[Supplied information Boundary: Start]

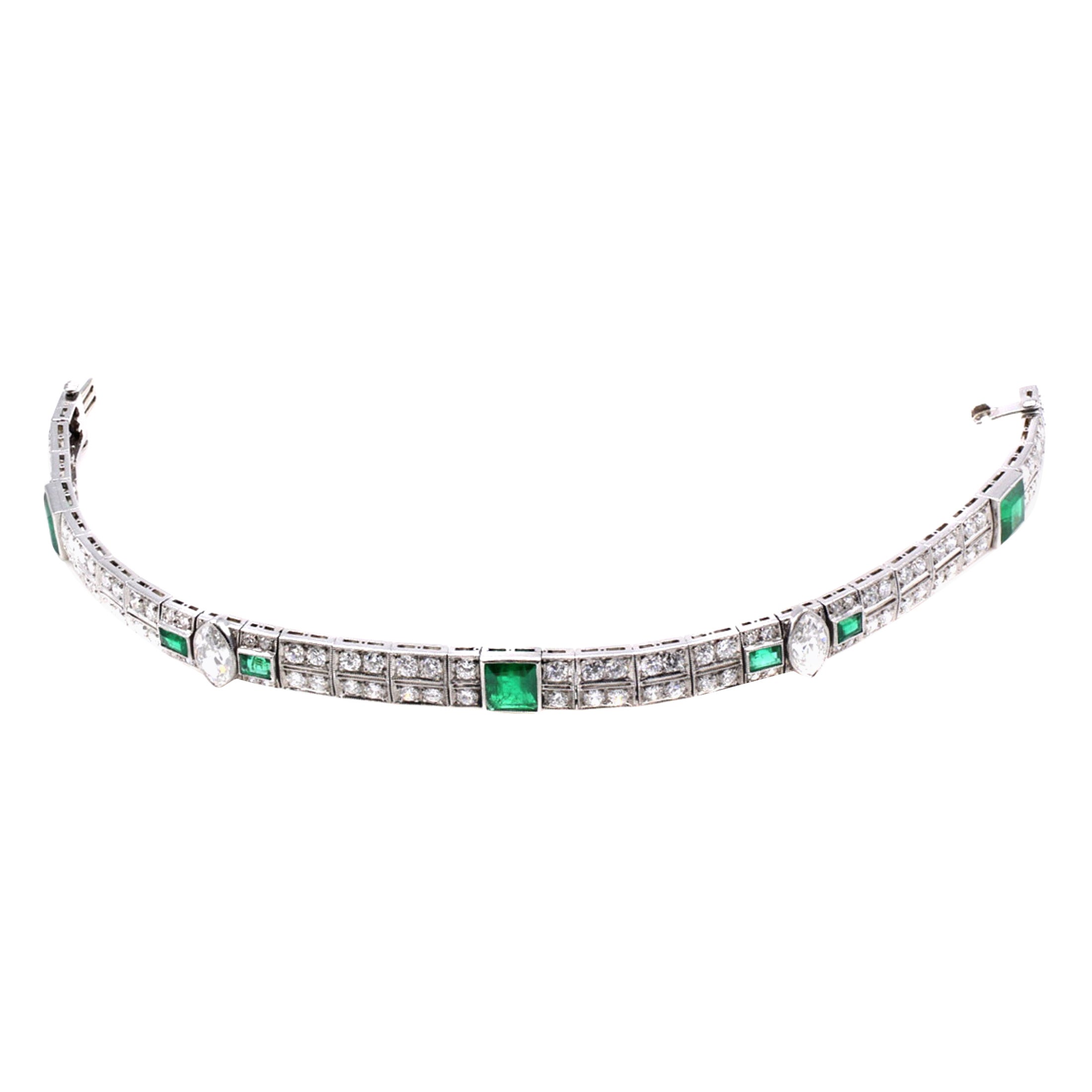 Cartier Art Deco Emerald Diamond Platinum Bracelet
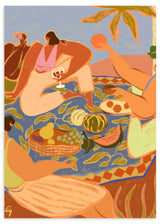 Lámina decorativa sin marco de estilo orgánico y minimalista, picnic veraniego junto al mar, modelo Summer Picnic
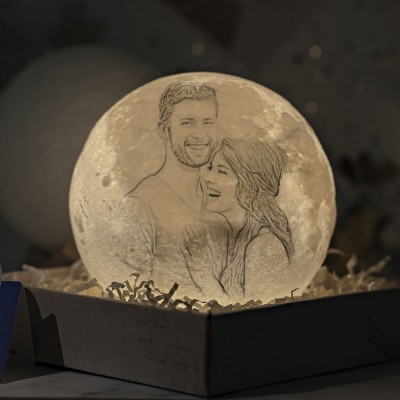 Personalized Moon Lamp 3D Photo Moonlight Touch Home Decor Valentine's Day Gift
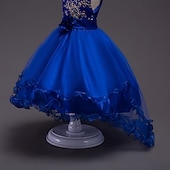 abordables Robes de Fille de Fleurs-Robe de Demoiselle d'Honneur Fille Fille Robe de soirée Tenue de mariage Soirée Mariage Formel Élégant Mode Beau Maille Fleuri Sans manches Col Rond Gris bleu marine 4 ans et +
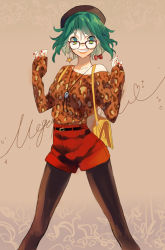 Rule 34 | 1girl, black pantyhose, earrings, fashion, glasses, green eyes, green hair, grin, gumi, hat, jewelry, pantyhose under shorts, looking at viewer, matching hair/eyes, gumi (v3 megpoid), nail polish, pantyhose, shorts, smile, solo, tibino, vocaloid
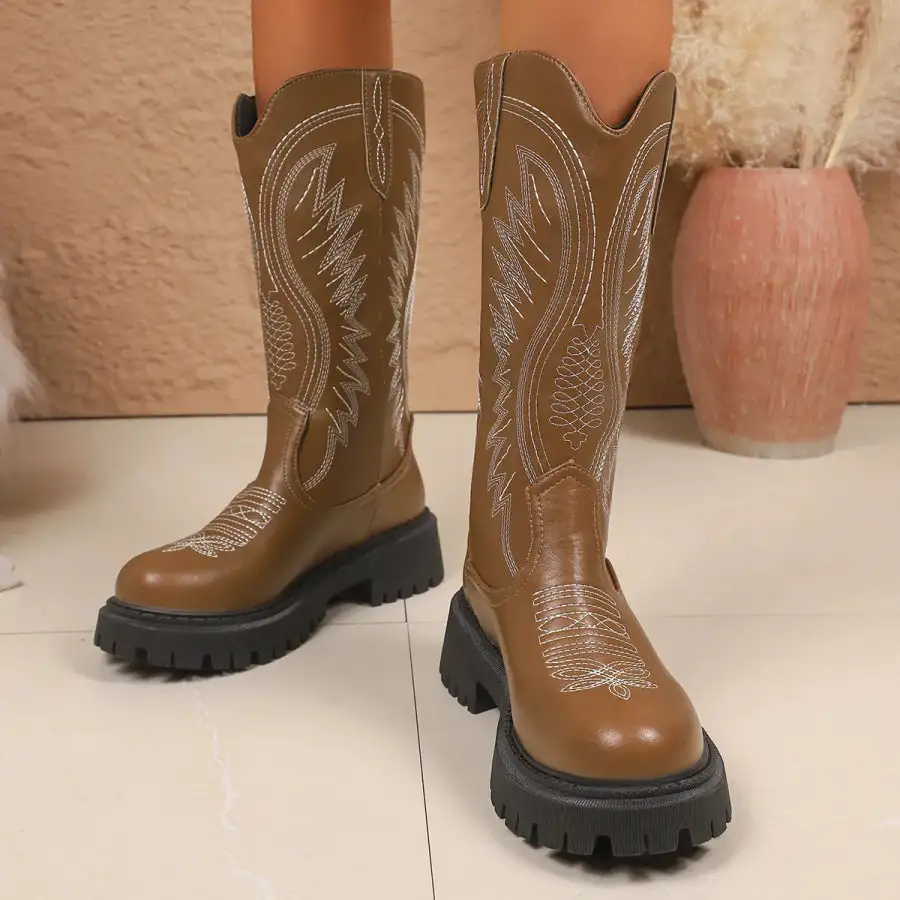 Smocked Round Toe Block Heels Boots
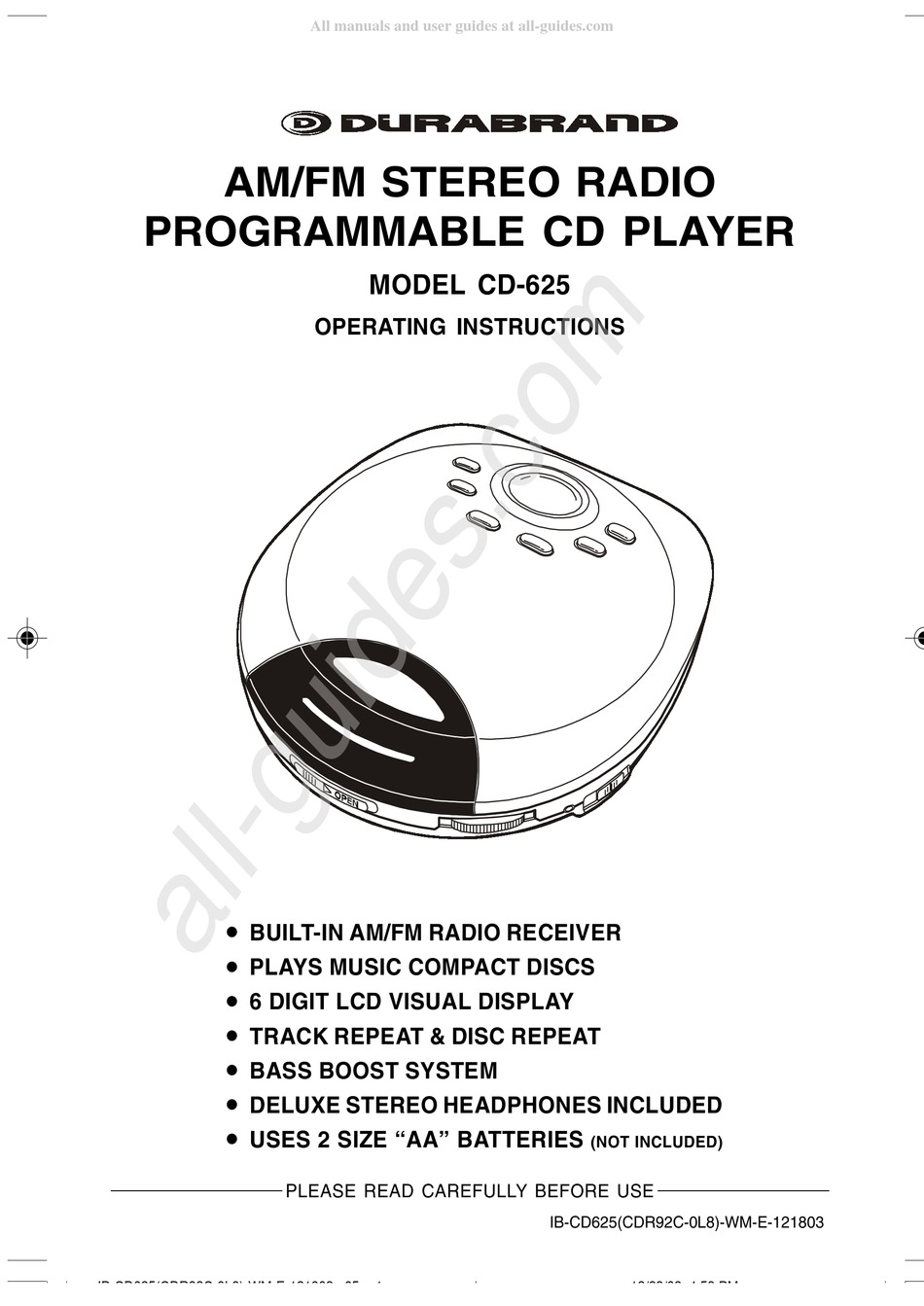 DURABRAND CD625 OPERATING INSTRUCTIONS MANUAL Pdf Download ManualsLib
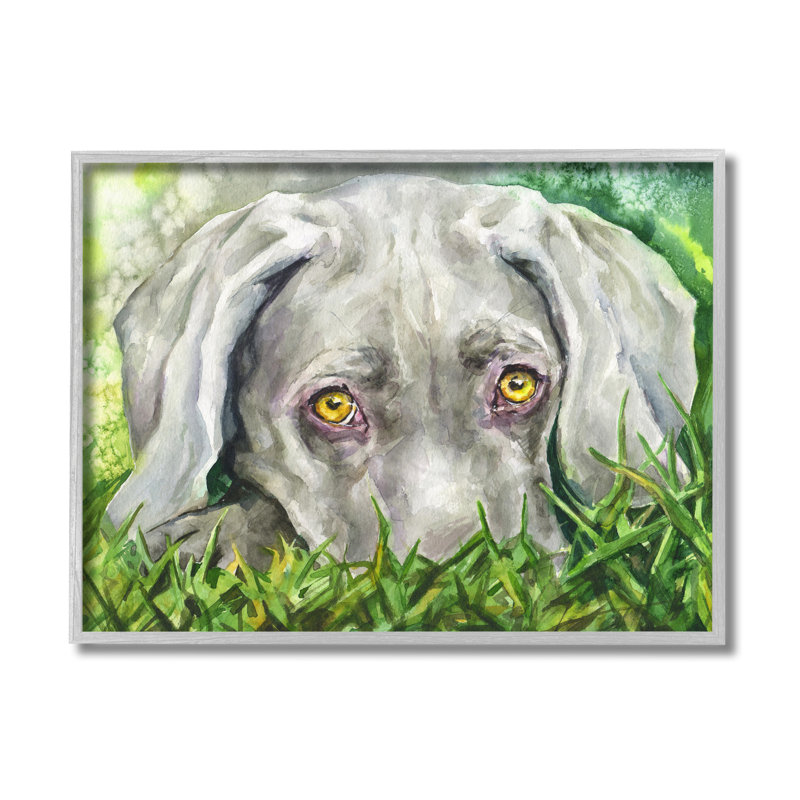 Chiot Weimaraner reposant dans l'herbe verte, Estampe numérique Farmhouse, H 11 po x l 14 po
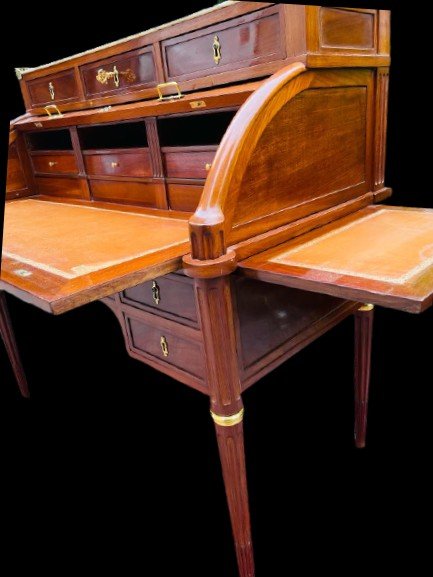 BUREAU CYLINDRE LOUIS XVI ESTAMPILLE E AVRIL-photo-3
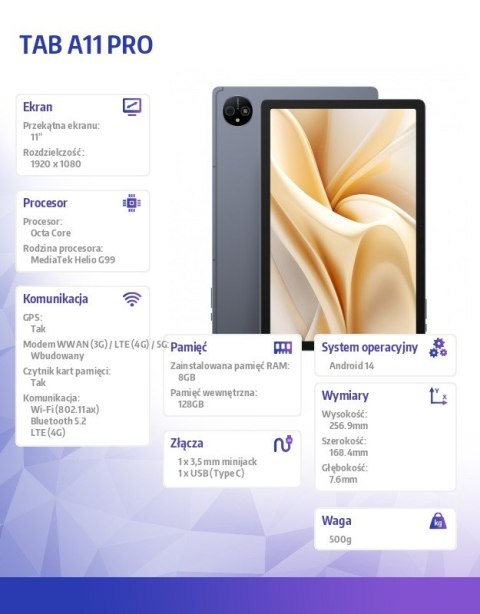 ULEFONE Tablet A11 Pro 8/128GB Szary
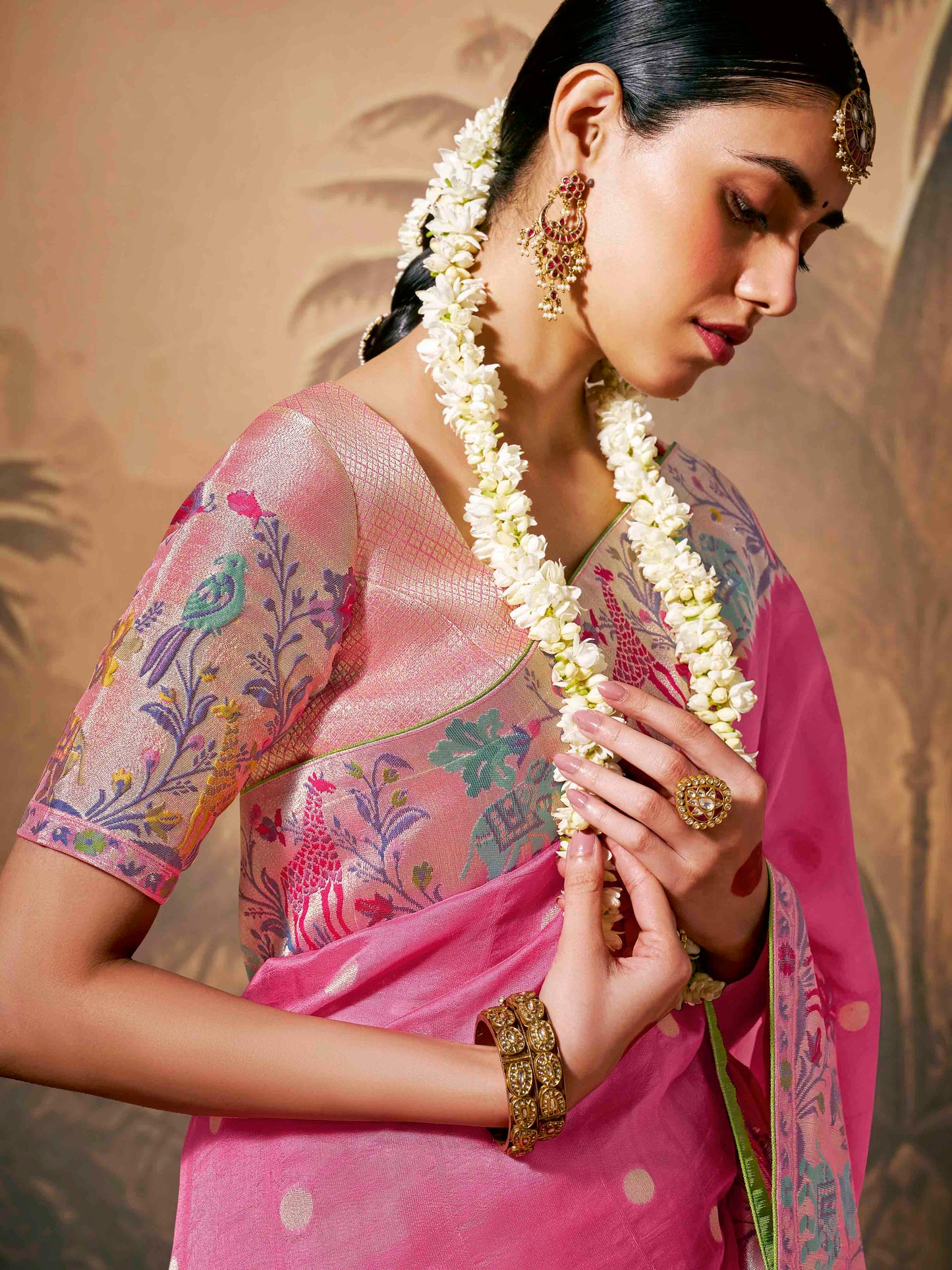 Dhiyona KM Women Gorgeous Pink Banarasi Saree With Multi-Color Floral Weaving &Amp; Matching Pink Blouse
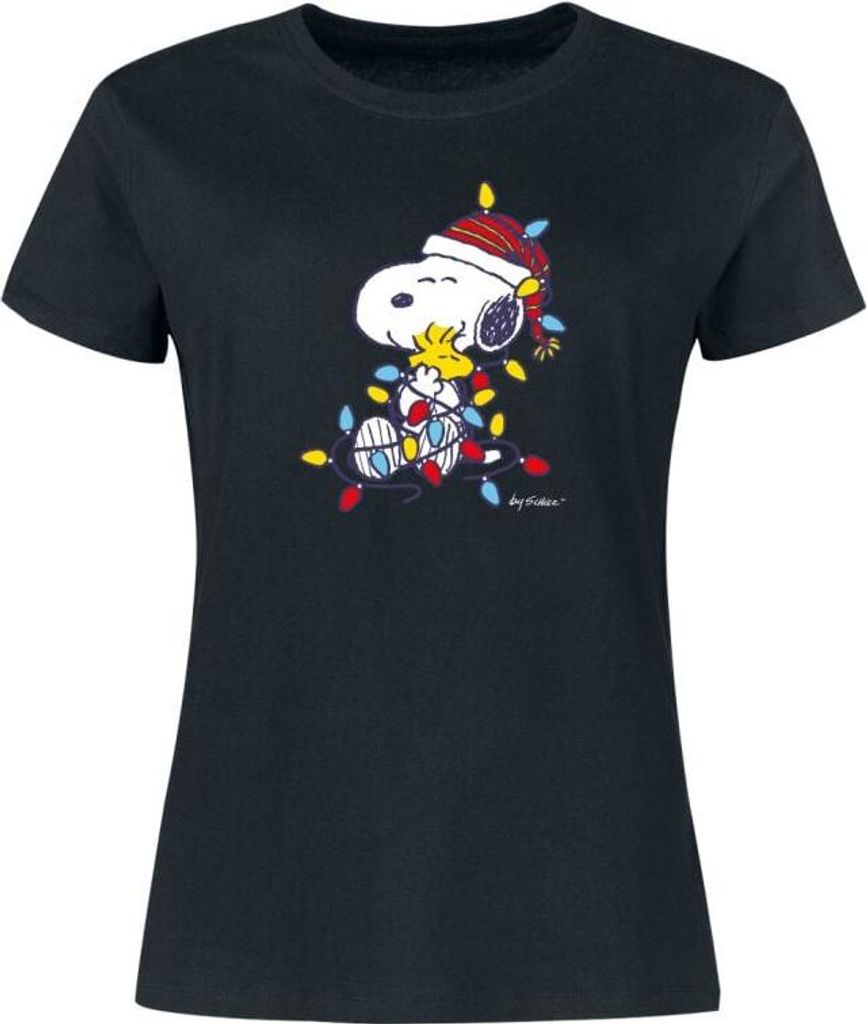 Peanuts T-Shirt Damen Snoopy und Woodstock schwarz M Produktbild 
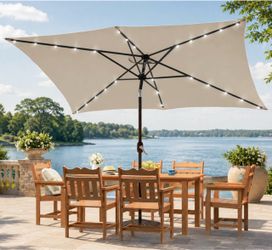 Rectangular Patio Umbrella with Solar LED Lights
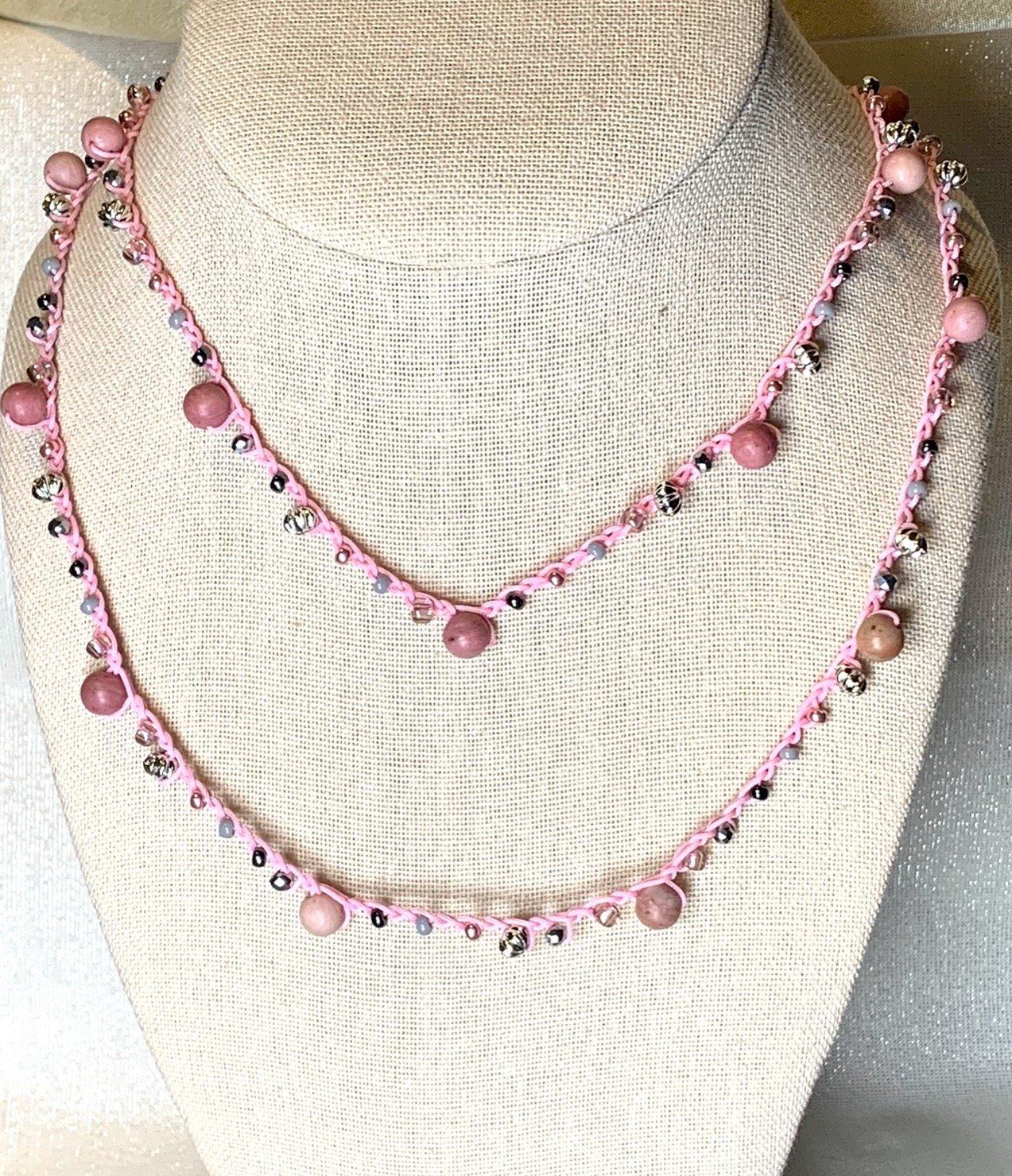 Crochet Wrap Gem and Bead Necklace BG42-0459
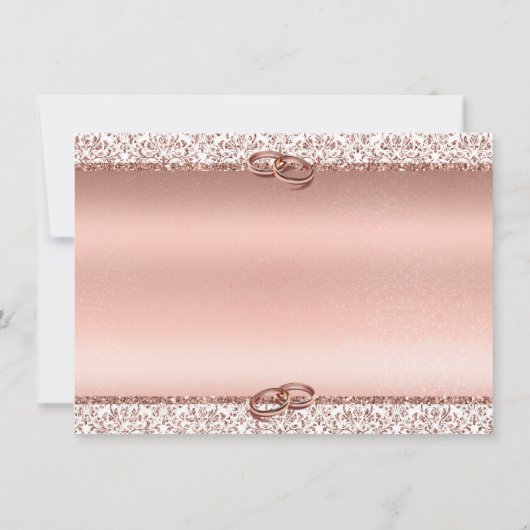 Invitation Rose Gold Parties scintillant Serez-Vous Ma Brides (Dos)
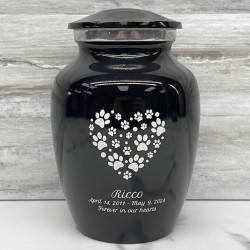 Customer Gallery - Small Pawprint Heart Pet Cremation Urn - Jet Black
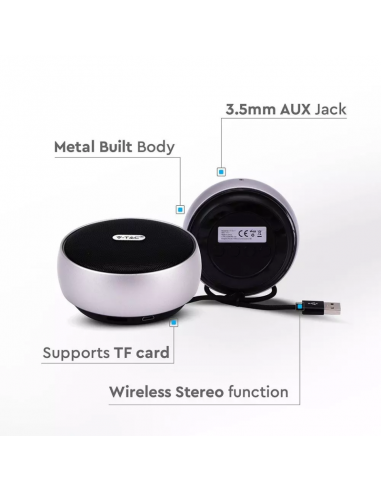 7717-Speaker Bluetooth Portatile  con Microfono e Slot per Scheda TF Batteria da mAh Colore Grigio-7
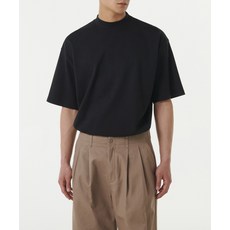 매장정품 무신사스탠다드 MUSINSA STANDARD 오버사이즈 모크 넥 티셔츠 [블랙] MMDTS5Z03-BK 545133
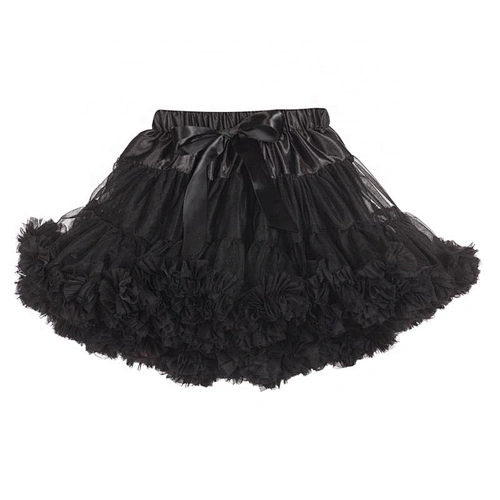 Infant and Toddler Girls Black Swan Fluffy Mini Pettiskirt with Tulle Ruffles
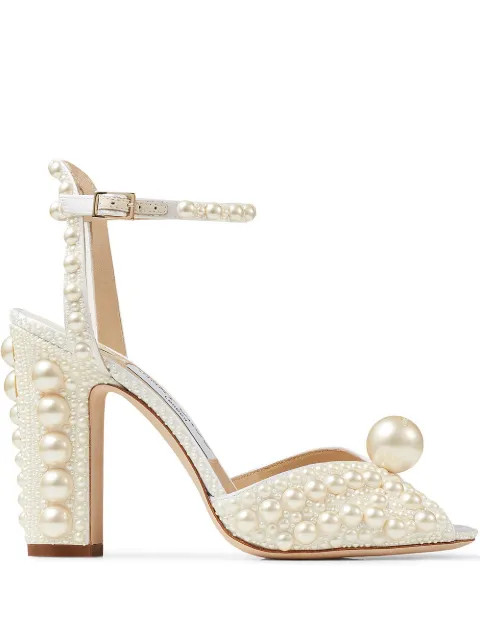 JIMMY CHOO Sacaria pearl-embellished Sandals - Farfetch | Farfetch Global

[Supplied information Boundary: End]

## Task objective
Start at the line containing "Lámina decorativa sin" above and stop at the line containing "abordables Robes de". Output those lines exactly, both included, but none of the pictures.

## Completed exercise
 Lámina decorativa sin marco de estilo orgánico y minimalista, picnic veraniego junto al mar, modelo Summer Picnic
 Personalized Moon Lamp 3D Photo Moonlight Touch Home Decor Valentine's Day Gift
 abordables Robes de Fille de Fleurs-Robe de Demoiselle d'Honneur Fille Fille Robe de soirée Tenue de mariage Soirée Mariage Formel Élégant Mode Beau Maille Fleuri Sans manches Col Rond Gris bleu marine 4 ans et +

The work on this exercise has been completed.